St. Bees South - Tale of the Honey

Tale of the Talbots 7b+/V8 (St Bees South)North Lakes lads Jon Freeman and Dan Turner have taken up the gauntlet at St. Bees Head – South and freed a couple more of the many excellent projects. Both new lines are left and right hand variations of the same “awesome undercut prow” line, described as a project on the current topo, at 'Area D'.

The lines go thus: Both problems start from standing/low (on the stepped block) from a rail of two decent pockets, low on the right hand side of the prow.

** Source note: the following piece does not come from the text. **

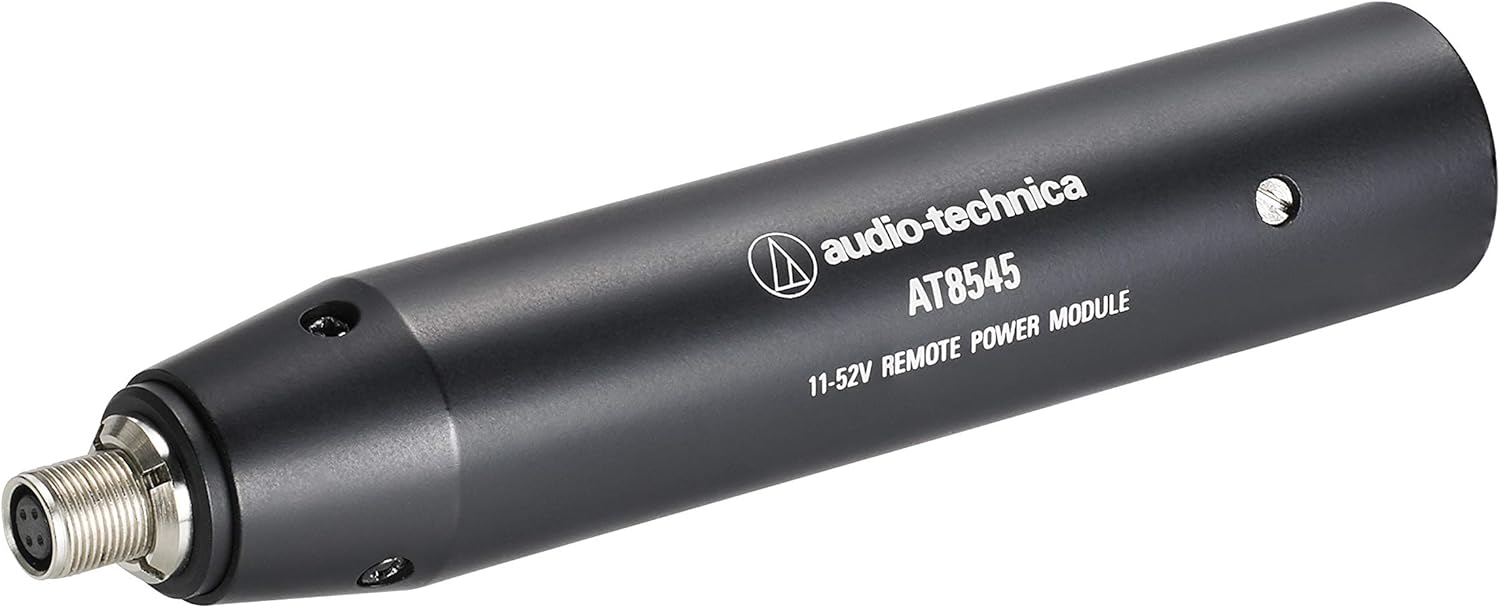 Audio-Technica BP892x-TH Omnidirectional Headworn Microphone with XLR Power Module - Beige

1. Tale of the Talbots (7b+/V8) - Pull on at the pockets and move your LH out to a crimp high on arête, finish by rocking direct to the top. (FA: Dan Turner)

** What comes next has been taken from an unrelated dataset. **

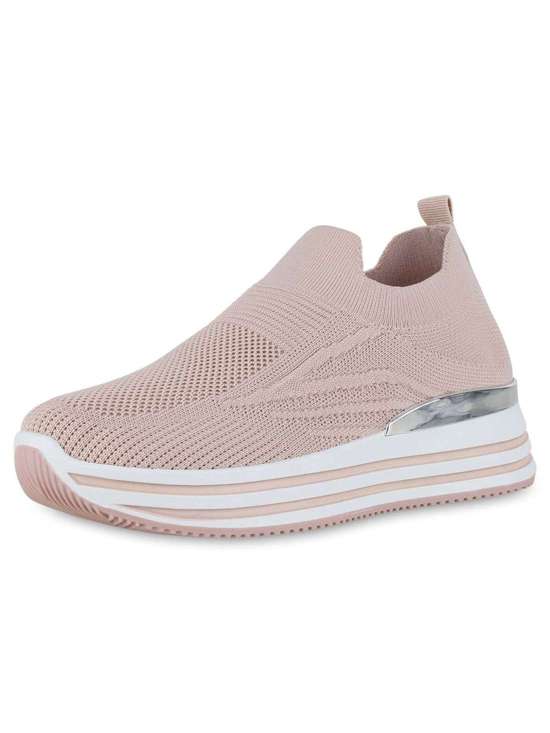 Слипоны Phoebe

2. Honeycomb (7b/V8) – Again from the low pockets, pull on and make a large throw out to a pinch/crimp on the right arête, then straight to the top. (FA: Jon Freeman)

Image: Dan Turner on Tale of the Talbots (7b+/V8).

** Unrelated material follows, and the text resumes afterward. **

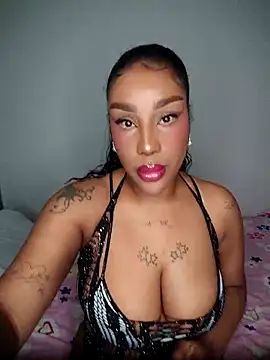 Queen Amara online show from January 18, 3:54 am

There is a video (also featuring The Kraken, Killer Bee, Kill Switch and Orca ) of both new climbs here.

Red Whale Extension

Also of note: Andy McVittie and friends climbed an extension to the classic 6a+/V2 nose, Red Whale, also at 'Area D'. This starts as far right as possible and traverses left into the original problem.

Andy acknowledges that this line may well have been climbed before but feels it's worth mentioning, as it's not described on the recent selected guide and is a classic of the grade - 6b/V3 or thereabouts.